Depuis qu’il a déserté Davos où il n’était plus en cour, Richard Attias a découvert les charmes surannés de la savane africaine, terre florentine où le fait de Prince s’applique encore de manière souveraine et le montant des marchés remportés est souvent un secret… d’Etat.
Adama Wade
Après deux éditions du NewYork Forum Africa à Libreville, l’homme d’affaires enchaîne les prestations sur mesure sans se soucier des tambours de la société civile, notamment gabonaise. Pour 2014, le carnet de commande est plein de bonnes affaires du Gabon, de la Guinée Equatoriale, du Congo Brazzaville…Cette impressionnante progression de chiffre d’affaires a attiré un géant de la communication, le britannique WPP, désormais actionnaire du cabinet Attias & Associates, à hauteur de 30%. De quoi agrandir l’aura du mari de Cécilia.
« Les chefs d’Etat de l’Afrique francophone se l’arrachent. il est leur nouveau talisman« , rit sous cape un consultant en communication qui voit dans l’entregent du quasi-gourou, « un nouveau Jacques Foccart, mais des affaires ». L’éclat princier de monsieur Attias auprès du syndicat des chefs d’Etat africains a fini par éclipser les intermédiaires classiques du siècle dernier comme le très françafricain Robert Bourgi ou le très oxydé Loïc Le Floch Prigent.

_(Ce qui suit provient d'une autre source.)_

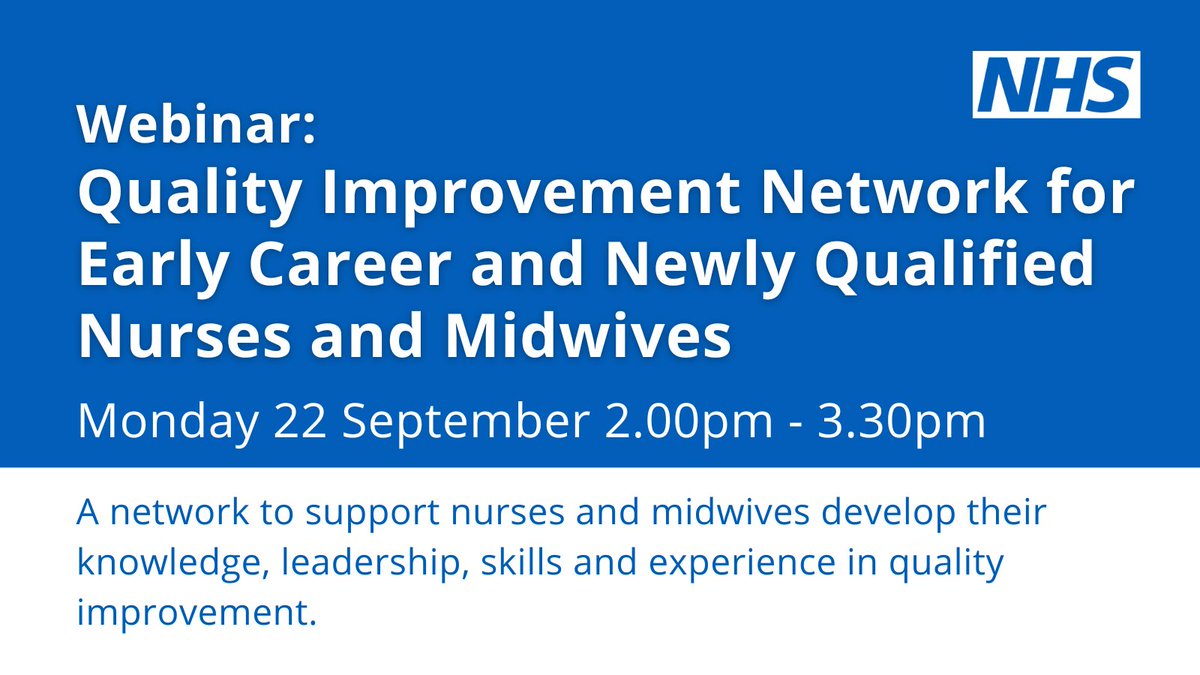 This growing network supports nurses and midwives who are within five years of qualification or NMC registration to develop confidence and skills in quality improvement and its application in practice. #teamCNO

Sign up to join the network ➡️ bit.ly/4a97Hwc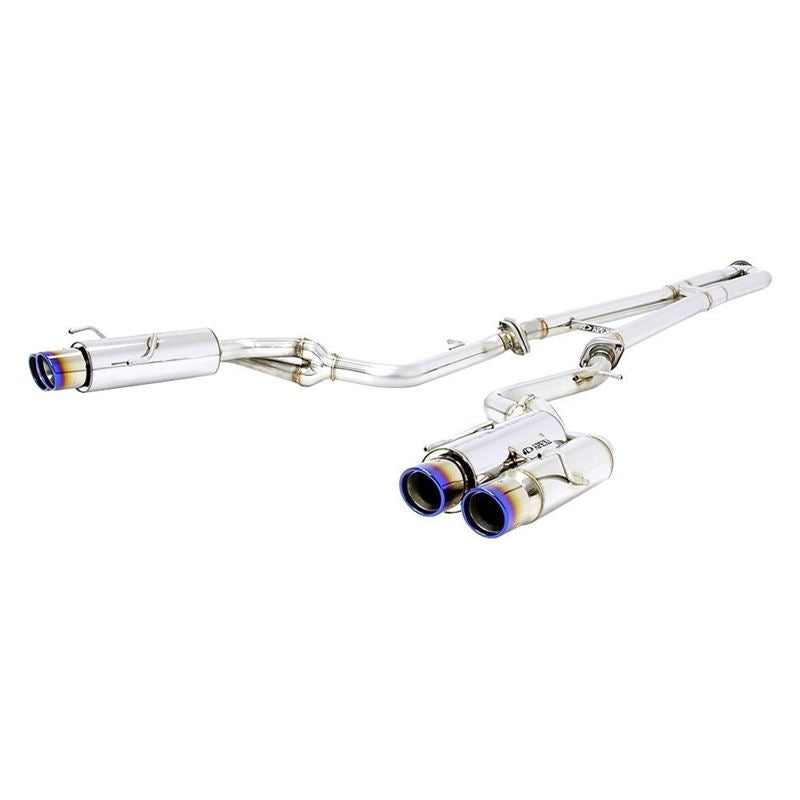 APEXi® N1-X Evolution Extreme 304 SS Header-Back Exhaust System with Quad Rear Exit (164KT204)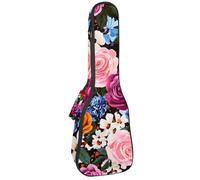 Custodia impermeabile per ukulele, resistente, 58,4 cm, custodia per ukulele con custodia e manico, stampa colorata con puzzle, Multicolore 03, 25.9x9x3.1in/66x23x8cm, Organizer per borse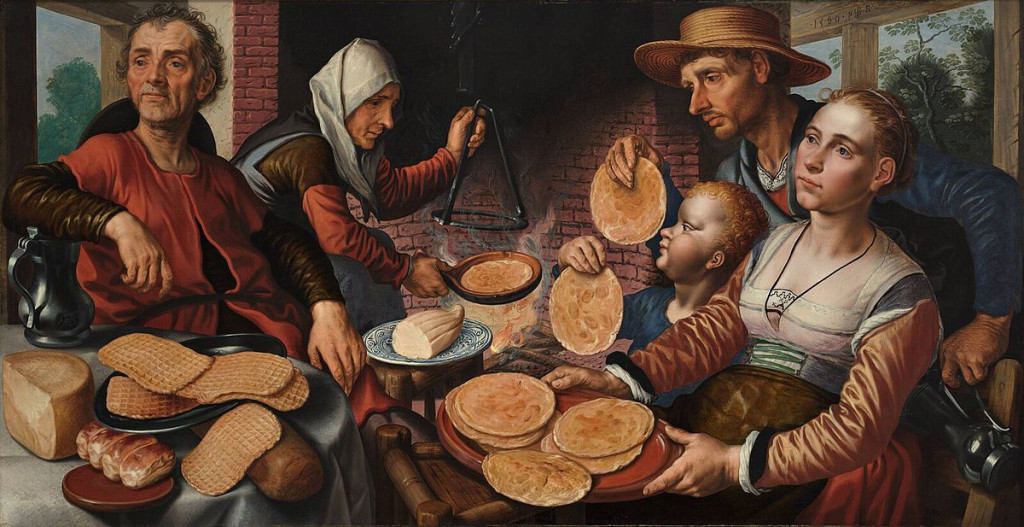 The Pancake Bakery, oil paiting by Pieter Aertsen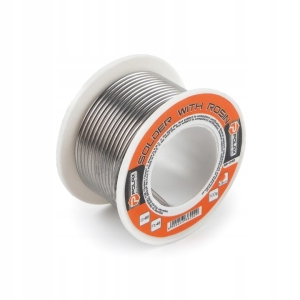 Cyna do lutowania spoiwo lutownicze 1.5mm 100g z kalafonią POLAX 32-042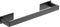 Beelee BA15601B-40 Porte-Serviettes adhésif en Acier Inoxydable avec Barre Simple pour Salle de Bain ou Cuisine Noir 38,5 cm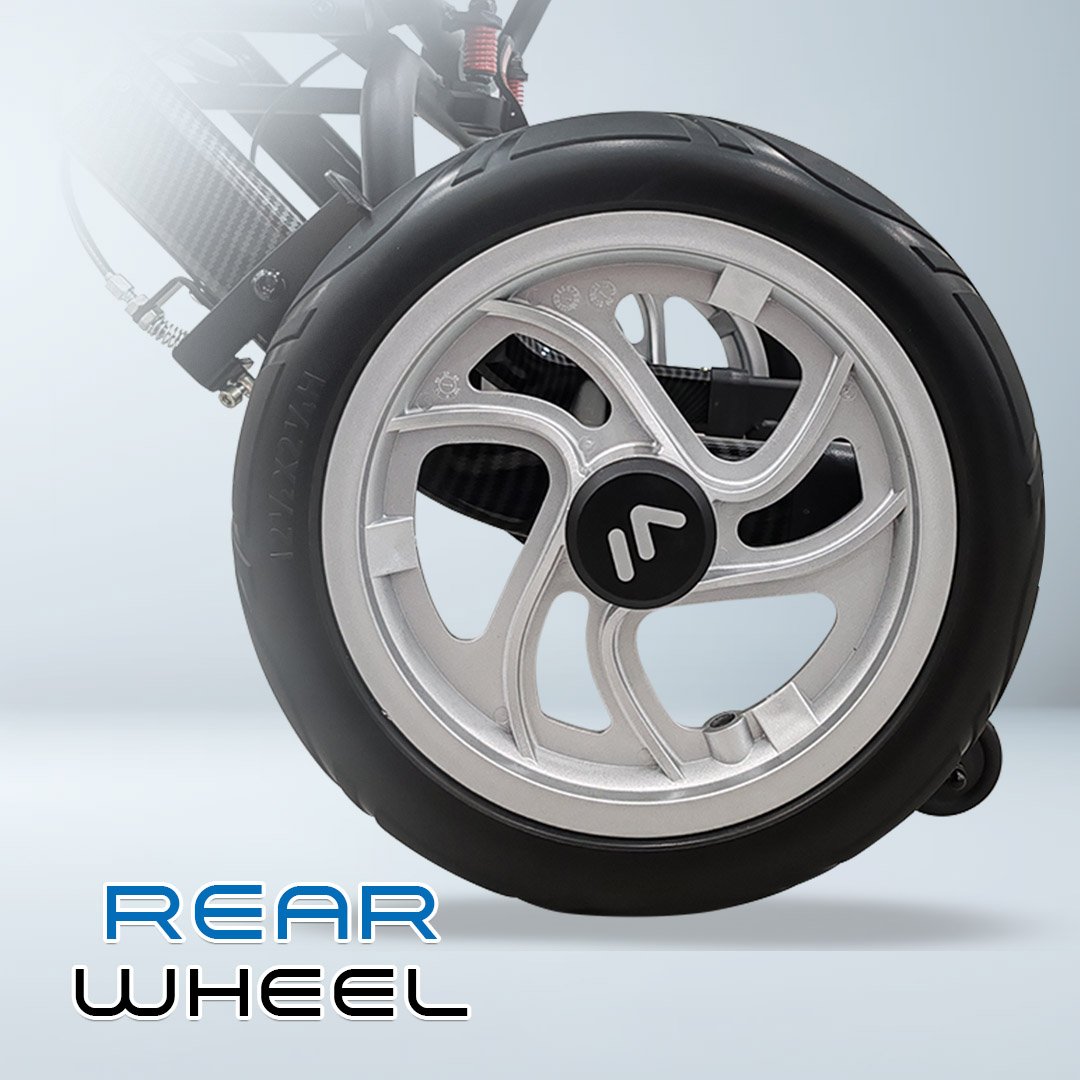 VECIN VC-976-42A Travel Wheelchair – Lightweight (11.5kg) with Luggage Handle Portable | Durable | Easy Travel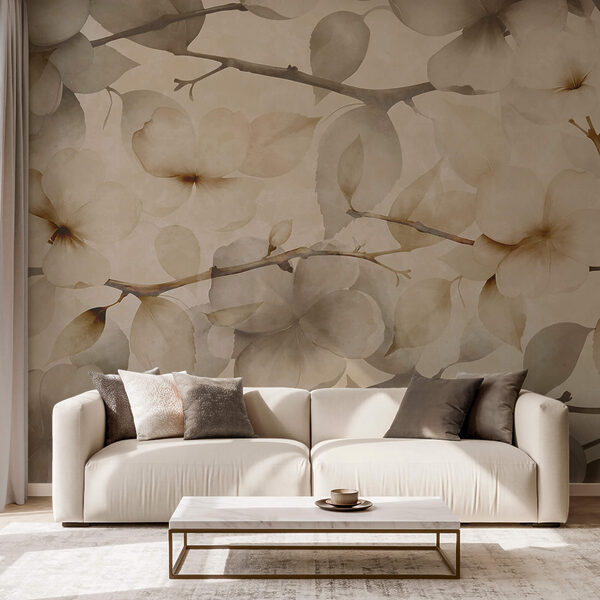 Des motifs floraux délicats sur un fond sobre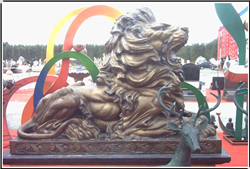 大型景区铜狮子雕塑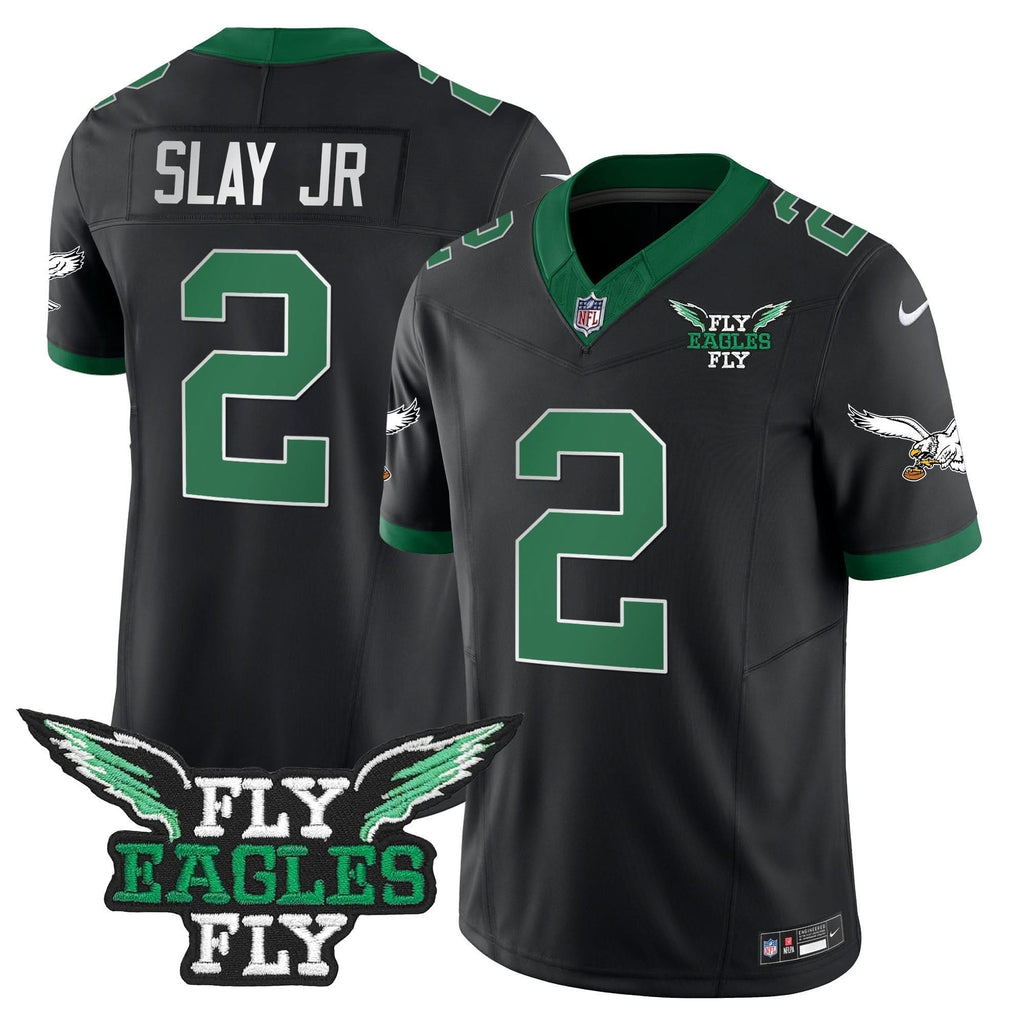 Fly PHI Fly Patch Throwback Kelly Green Vapor Jersey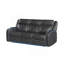 Canapé inclinable gris anthracite avec lumières DEL et appui-tête électrique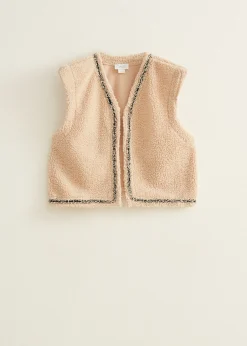 Sale Cotton Club Teddy gilet zand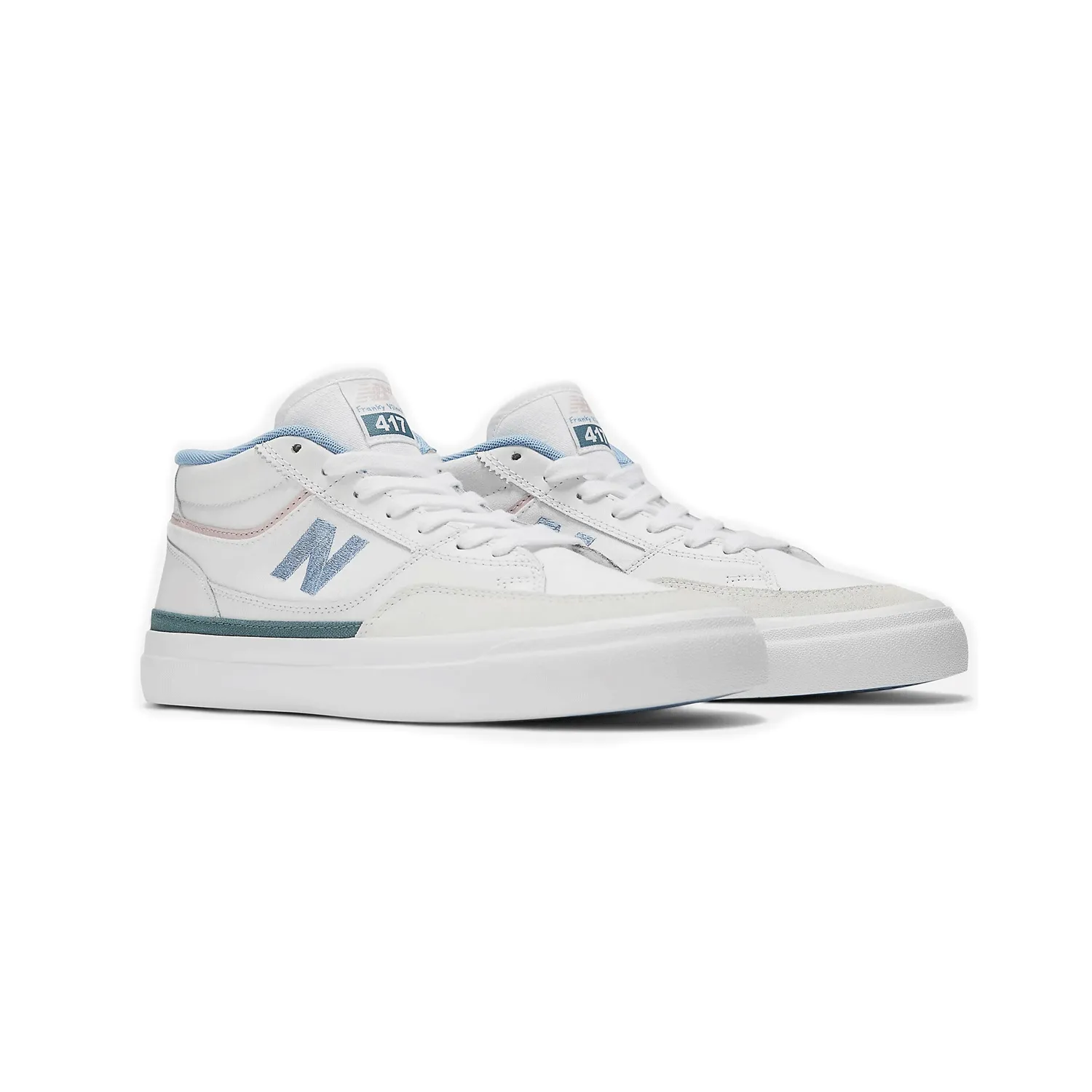 New Balance Numeric - Franky Villani 417 Shoes - White/Blue Laguna SALE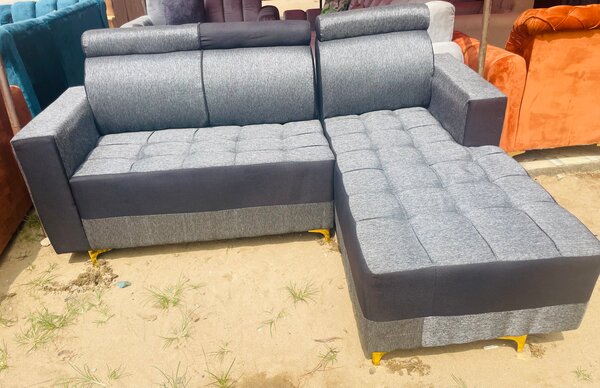 Canapé d'angle moderne gris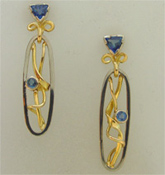 Sapphire Earrings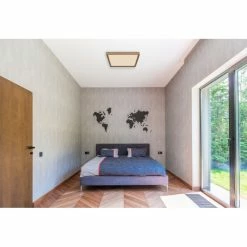 Globo CINDERELLA Deckenpanel LED Weiß, Holzoptik, 1-flammig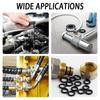 225pcs/740pcs/1200pcs Universal Rubber O-Ring Washer Combination Gasket O-Ring Repair Kit for Faucet Pipes Car Pipes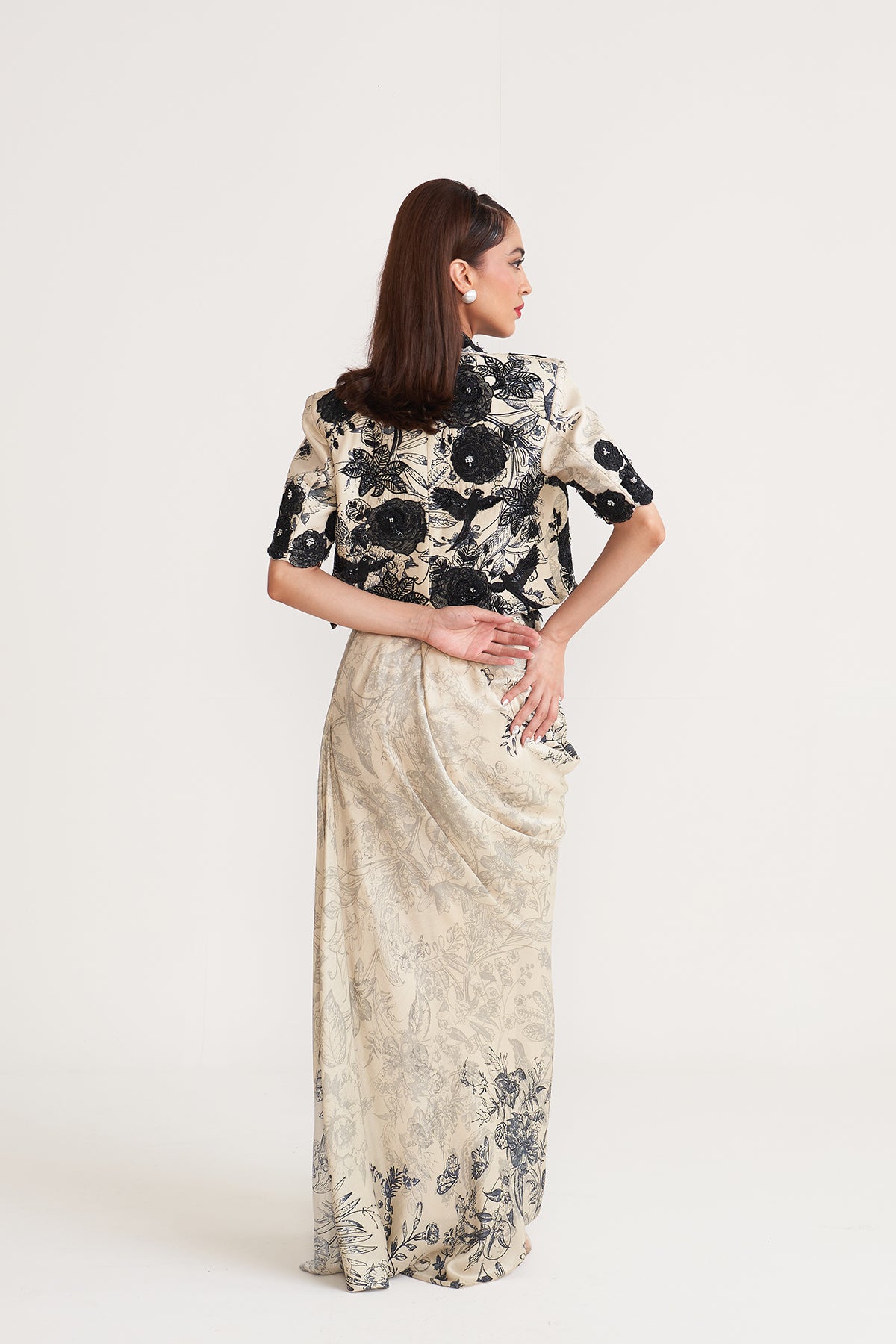 Crop blazer & skirt set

« Dans les années 90, les chefs d’Etat africains avaient la hantise des coups d’Etat. ils se rapprochaient des barbouzes et des intermédiaires du Quai d’Orsay et de la DGSE pour rester dans les faveurs de l’Elysée. Fort heureusement aujourd’hui, il n’est plus question que de l’émergence et l’on s’arrache des Richard Attias, des Christine Ockrent, qui peuvent nous ramener des Copé à Brazaville et des Vedrine à Libreville. Les chefs d’Etat africains cherchent la reconnaissance par l’association d’image« , tance notre interlocuteur qui déclare que bien souvent communicants et journalistes laissent l’éthique dans les vestiaires en se rendant en Afrique.
Est-ce dans cette ambiance qu’il faut situer la percée de monsieur Attias au Sénégal? Début janvier 2014, la polémique éclate à propos d’un marché de gré à gré pour l’organisation du 15e sommet de la Francophonie qui se tiendra en novembre 2014 à Dakar. Dans ce pays où la bonne gouvernance constitue un axe important de la seconde alternance démocratique vécue en mars 2012, l’affaire est abondamment commentée par les médias et la société civile.
Ainsi, lors d’une rencontre avec la presse, début janvier, le comité d’organisation de la francophonie se laisse surprendre par une question de Maimouna Ndour Faye, journaliste à la 2STV , qui voulait en savoir un peu plus sur les conditions d’attribution de ce marché. Jacques Habib Sy, délégué général de la francophonie et sont adjoint, Pape Masène Sène, livrent alors des réponses contradictoires.
Le premier se fend d’une étonnante. « C’est le Président qui a donné le marché. Si vous en avez l’occasion, posez la question au Président ! ». Son adjoint répliquera immédiatement: « ce n’est pas responsable d’associer le président à cette affaire » en rappelant à Habib Sy, à juste titre d’ailleurs, que c’était bien sa signature qui figurait en bas du contrat de monsieur Attias. Les deux responsables cafouillent et se contredisent en public.
Un mois plus tard, début février, El Hadj Kassé, conseiller du président Macky Sall détaché à l’organisation du sommet, apporte son point de vue quasi-philosophique: « La vertu ne signifie pas une attitude attentiste par rapport à des urgences, c’est-à-dire la procédure d’appel d’offres qui n’est pas forcément plus vertueuse que la procédure du gré à gré « , déclare-t-il dans les ondes de la radio Rewmi.
.Il faut dire que ce n’est pas la première fois que le publicitaire franco-marocain chasse les marchés de communication en terre sénégalaise. Son nom a été cité à tort et à raison dans le scandale de l’organisation du dernier sommet de l’OCI (Organisation de la conférence islamique) au Sénégal. Et il a fallu toute la détermination de son avocat, Me Julia Minkowski, pour démentir la presse sénégalaise faisant étant de liens entre Attias et une facture de 2,3 milliards de francs CFA (environ 3,5 millions d’euros) versée par le port autonome de Dakar pour la location d’un bateau.
Richard Attias qui déclare dans Le Point qu' »un nouveau citoyen africain se dessine aujourd’hui » le sait sûrement, ce nouveau citoyen qu’il appelle de ses voeux ne pourrait souffrir longtemps d’entente directe et de gré à gré. L’intérêt sincère qu’il voue à l’Afrique devrait le convaincre d’aller au delà des déclarations d’amour.